Some of his top-earning videos feature far-right guests, including Sandy Hook conspiracy theorist Alex Jones and white nationalist streamer Nick Fuentes

Over the past five years, prominent right-wing influencer Tim Pool has raised over $1.3 million from YouTube’s “Super Chat” feature, which allows users to pay creators to highlight their livestream comments, with one video alone drawing nearly $20,000 in donations. (YouTube takes an estimated 30% cut of those donations.) Even though Pool has pushed extreme rhetoric on his show, Timcast IRL, and frequently hosts far-right guests who push false claims, YouTube has allowed and even profited from his channel. 

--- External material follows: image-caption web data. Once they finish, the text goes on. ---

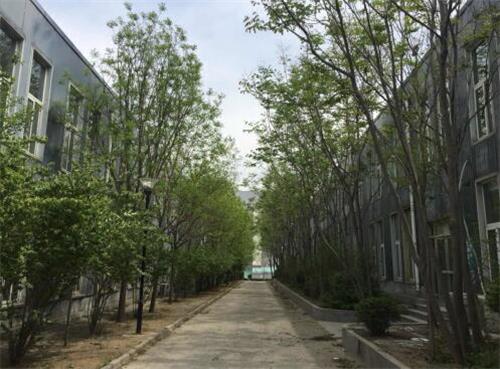 山東職業技工學校有何辦學優勢? 山東職業技工學校有何辦學優勢?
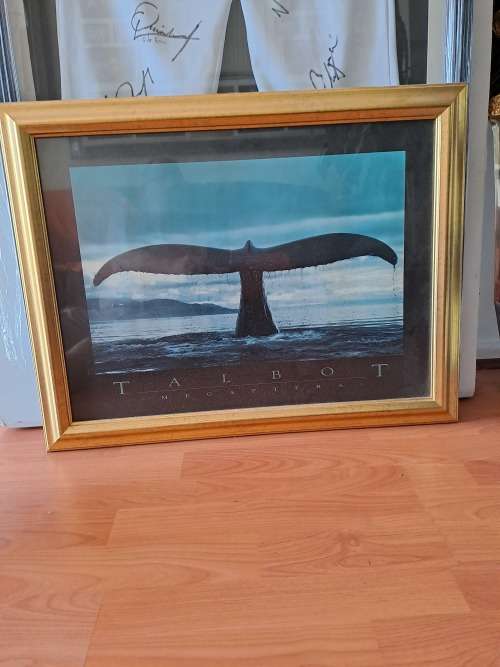 Talbot Megaptera,Whales tail,framed
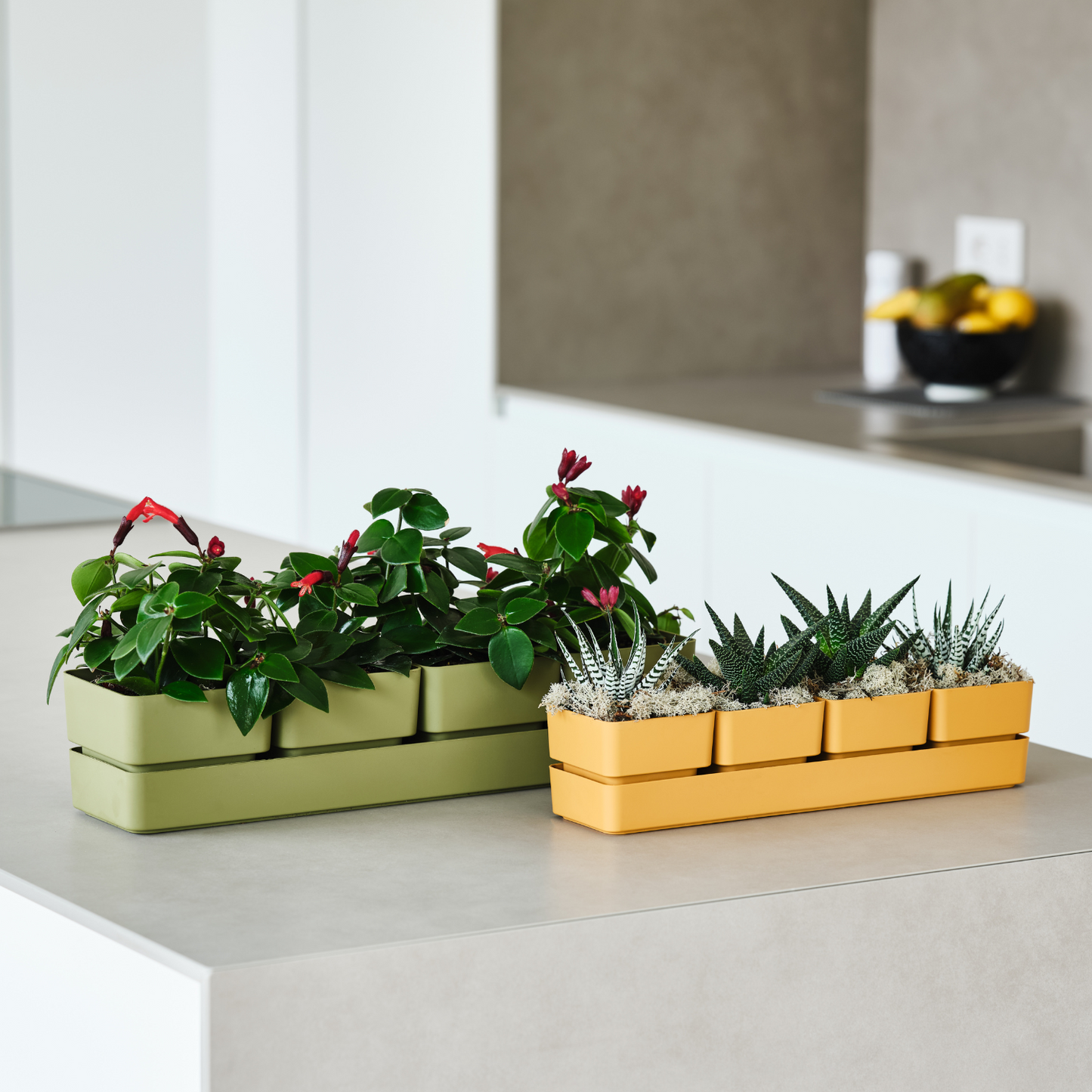 Flowerpots set SIERRA 48cm CURRY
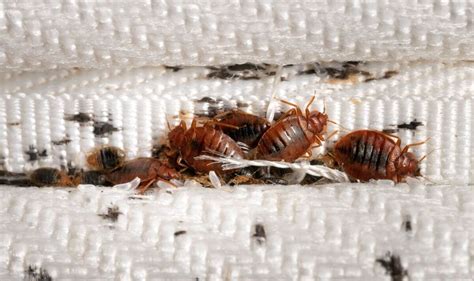 Luxor bed bugs <strong> Oct 5, 2023, 6:38 AM</strong>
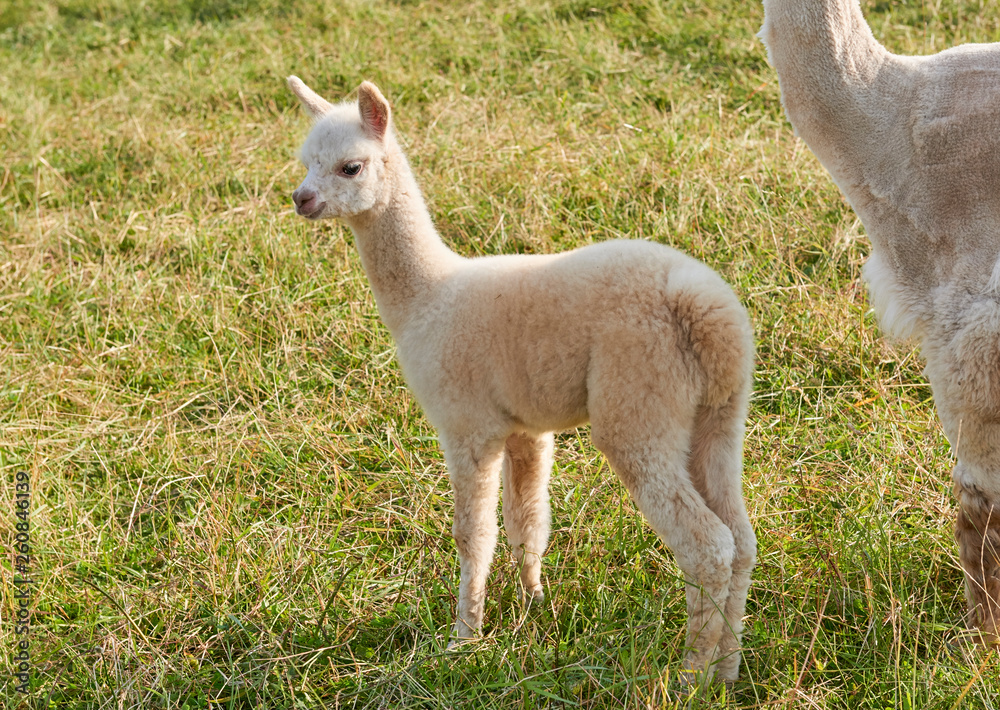 alpaca baby in der natur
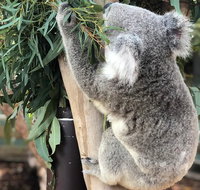 Private Blue Mountains and Wildlife Park Tour from Sydney with Barbecue Lunch - Sydney Tourism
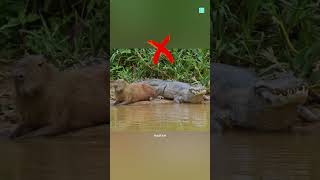 Do Crocodiles Eat Capybaras 😱 [upl. by Barron]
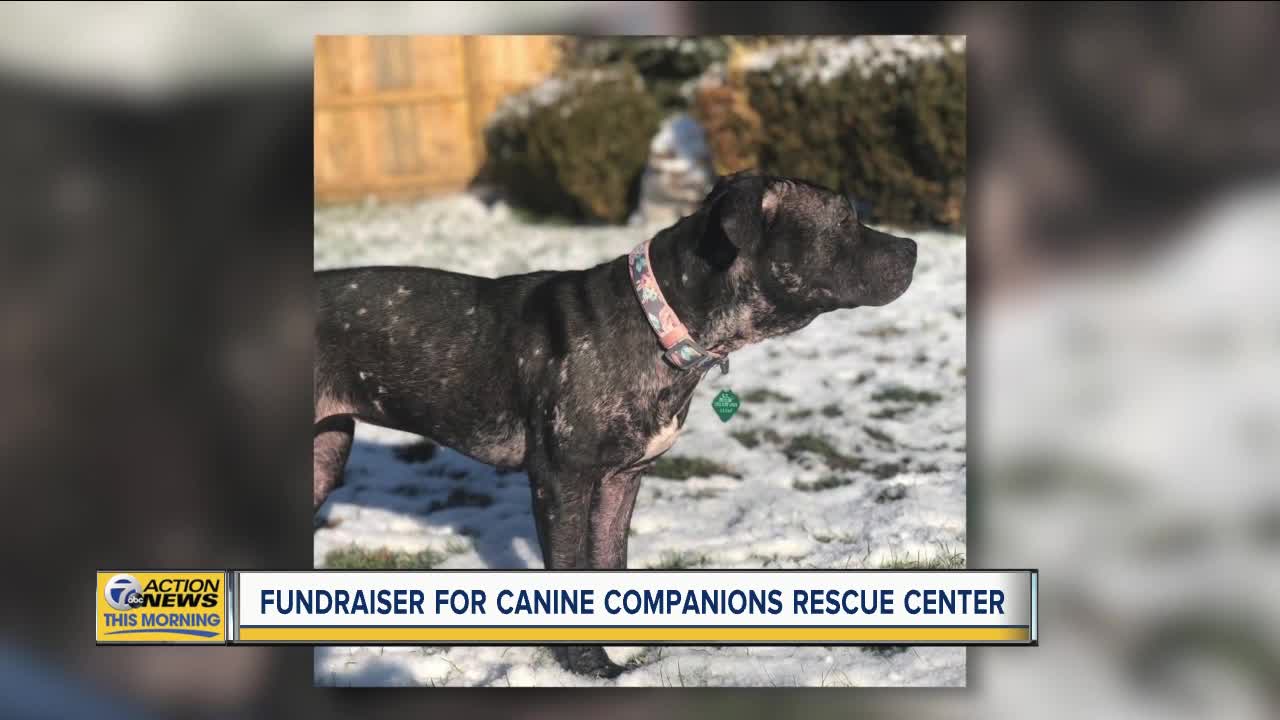 For The Love Of Dogs Fundraiser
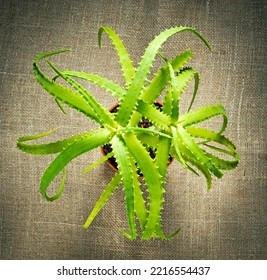 Tree Aloe Bush Top View On Burlap Background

Pool’s guests have included former Proud Boys leader Enrique Tarrio; Naomi Wolf, who has pushed COVID-19 conspiracy theories; and Andrew Torba, the notoriously antisemitic founder of far-right social media platform Gab. Pool himself has baselessly accused teachers, journalists, and LGBTQ people of being “pedophiles,” made misogynistic comments, and falsely claimed that a news story about a 10-year-old rape victim was a “hoax.”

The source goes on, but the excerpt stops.